Is the grass really ever greener on the other side? Is there ever a way of knowing for sure unless you actually cross over? What happens if you do cross over and find that it’s a “better the devil you know” over there? What happens then?
Let me say this, sometimes it really is time to move on, sometimes that really is what’s best for you. The problem is when we think we will only be happier on the other side. If you can’t be happy where you are, chances are you’ll never be happy anywhere else… it’s not the where or with whom (sometimes) that’s the problem, it’s the common denominator: you. Of course life has it’s sucky moments and we aren’t always going to be happy-go-lucky, but if we’re content, then it’s all that much better. When there is no illusion of happiness being at the next stop, we learn to search for it right where are, here and now. The more we search for it in every moment, it becomes a habit and then happiness becomes a habit, which could only come with contentment and eventually peace, leading to the holy grail… joy.

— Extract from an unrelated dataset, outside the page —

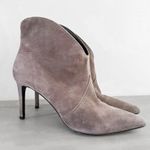 Saint Laurent Paris Road Gray Dipped Suede Heeled Ankle Bootie sz 38 Photo 1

That three letter word has been my goal since as far back as I can remember. I waned to be okay no matter what. I was naturally a very emotional child and was on Prednisone for years, I had deep dark secrets and a case of PTSD so I was also pretty high strung and depressed. I was never happy, in fact, I remember thinking I’d never be happy and that on its own makes existing that much more difficult. At 16 so much changed in my life, too much. One day my English teacher came to open the door to her classroom and found me laughing hysterically at something my classmate had said, she was genuinely horrified. She said she had never seen me laugh, see in my head I laughed all time! Fast forward a few years, I had my first live performance with a hip-hop group, I sang the chorus, now again, in my head I was at least doing the two-step… but everyone says I was dead still for all 3 minutes and 59 seconds of that performance. So maybe she was right, I never laughed. From that day, I made a conscious decision to laugh at absolutely everything. It was a little weird in the beginning but I quickly got the hang of it. That became the one thing I was reprimanded for in class, laughing too much. It made so many things okay.

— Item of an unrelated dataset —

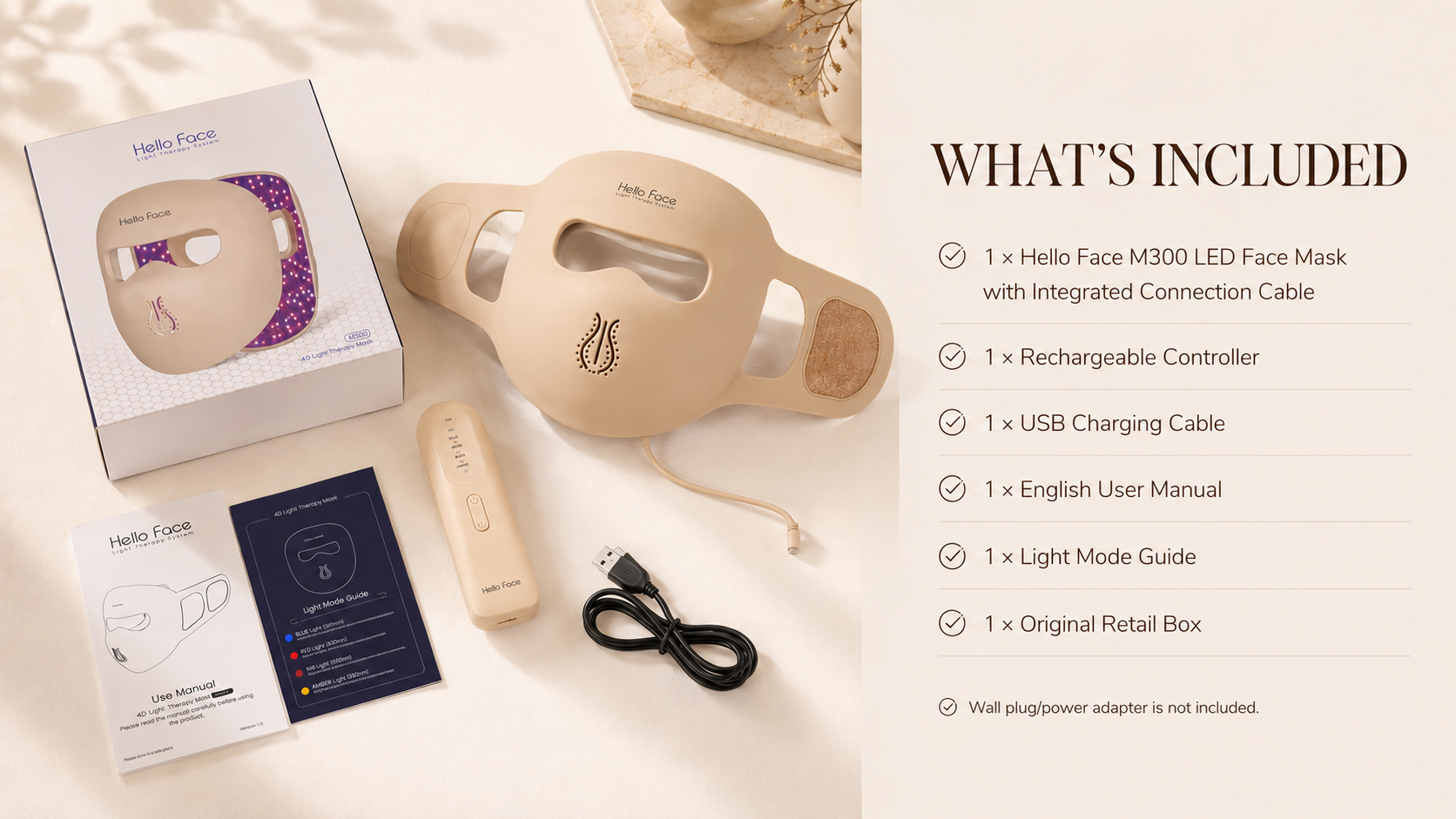 What is included with the Hello Face M300 LED face mask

See, if you don’t master being okay where you are now, you may never know how to be okay in the sweetest places. The chorus from one of my favourite songs is “Stop where you are, under fading stars. This is the world we’ve made, there is no better place, it’s true. Light a fire where you are.” If you don’t learn to create or find a little of happiness where you are right now and nature it, big happiness will be so unfamiliar to you you’ll most likely end up rejecting it. If you’re happy and content (not satisfied) where you are now, you’ll be happier where you desire to go too, when you move it will be fore growth, not the pursuit of happiness.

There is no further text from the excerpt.